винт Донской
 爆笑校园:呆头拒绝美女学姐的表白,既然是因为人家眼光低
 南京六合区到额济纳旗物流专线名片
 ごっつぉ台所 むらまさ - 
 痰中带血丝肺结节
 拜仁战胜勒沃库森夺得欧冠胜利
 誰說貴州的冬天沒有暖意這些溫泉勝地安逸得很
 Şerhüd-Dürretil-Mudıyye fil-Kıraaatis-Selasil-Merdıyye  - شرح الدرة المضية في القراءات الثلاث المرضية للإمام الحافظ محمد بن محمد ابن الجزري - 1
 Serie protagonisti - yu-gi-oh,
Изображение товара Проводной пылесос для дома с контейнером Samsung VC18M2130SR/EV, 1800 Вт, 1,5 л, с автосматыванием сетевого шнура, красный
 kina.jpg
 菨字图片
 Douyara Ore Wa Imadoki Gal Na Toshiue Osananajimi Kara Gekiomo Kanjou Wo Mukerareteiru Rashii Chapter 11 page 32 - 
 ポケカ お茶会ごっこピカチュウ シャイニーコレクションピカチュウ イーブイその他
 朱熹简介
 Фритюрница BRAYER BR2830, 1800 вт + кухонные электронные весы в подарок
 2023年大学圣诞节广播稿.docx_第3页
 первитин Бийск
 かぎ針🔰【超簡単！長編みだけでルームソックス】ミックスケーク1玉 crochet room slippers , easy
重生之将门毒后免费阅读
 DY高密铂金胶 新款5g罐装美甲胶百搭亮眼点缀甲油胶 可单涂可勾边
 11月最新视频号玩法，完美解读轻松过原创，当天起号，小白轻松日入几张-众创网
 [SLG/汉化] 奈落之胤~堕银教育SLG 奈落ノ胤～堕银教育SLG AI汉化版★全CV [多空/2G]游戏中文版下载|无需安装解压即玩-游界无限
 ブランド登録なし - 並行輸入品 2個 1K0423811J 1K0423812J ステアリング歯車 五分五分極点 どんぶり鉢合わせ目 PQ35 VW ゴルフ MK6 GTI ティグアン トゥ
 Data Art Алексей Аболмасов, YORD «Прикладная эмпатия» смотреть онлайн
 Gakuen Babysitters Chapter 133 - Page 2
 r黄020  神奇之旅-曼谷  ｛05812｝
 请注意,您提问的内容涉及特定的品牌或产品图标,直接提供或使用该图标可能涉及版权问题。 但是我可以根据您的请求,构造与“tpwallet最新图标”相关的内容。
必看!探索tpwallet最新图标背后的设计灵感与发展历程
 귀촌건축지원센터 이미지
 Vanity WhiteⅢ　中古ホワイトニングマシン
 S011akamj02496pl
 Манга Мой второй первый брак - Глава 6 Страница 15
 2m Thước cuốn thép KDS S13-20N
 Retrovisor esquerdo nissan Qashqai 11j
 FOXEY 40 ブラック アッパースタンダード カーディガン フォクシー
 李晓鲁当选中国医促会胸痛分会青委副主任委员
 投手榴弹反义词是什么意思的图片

(WORK TO BE COMPLETED)
The range runs from the line above containing "爆笑校园:呆头拒绝美女学姐的表白,既然是因为人家眼光低" to the line containing "первитин Бийск", inclusive. Restate those lines word for word and no others.

(ANSWER)
 爆笑校园:呆头拒绝美女学姐的表白,既然是因为人家眼光低
 南京六合区到额济纳旗物流专线名片
 ごっつぉ台所 むらまさ - 
 痰中带血丝肺结节
 拜仁战胜勒沃库森夺得欧冠胜利
 誰說貴州的冬天沒有暖意這些溫泉勝地安逸得很
 Şerhüd-Dürretil-Mudıyye fil-Kıraaatis-Selasil-Merdıyye  - شرح الدرة المضية في القراءات الثلاث المرضية للإمام الحافظ محمد بن محمد ابن الجزري - 1
 Serie protagonisti - yu-gi-oh,
Изображение товара Проводной пылесос для дома с контейнером Samsung VC18M2130SR/EV, 1800 Вт, 1,5 л, с автосматыванием сетевого шнура, красный
 kina.jpg
 菨字图片
 Douyara Ore Wa Imadoki Gal Na Toshiue Osananajimi Kara Gekiomo Kanjou Wo Mukerareteiru Rashii Chapter 11 page 32 - 
 ポケカ お茶会ごっこピカチュウ シャイニーコレクションピカチュウ イーブイその他
 朱熹简介
 Фритюрница BRAYER BR2830, 1800 вт + кухонные электронные весы в подарок
 2023年大学圣诞节广播稿.docx_第3页
 первитин Бийск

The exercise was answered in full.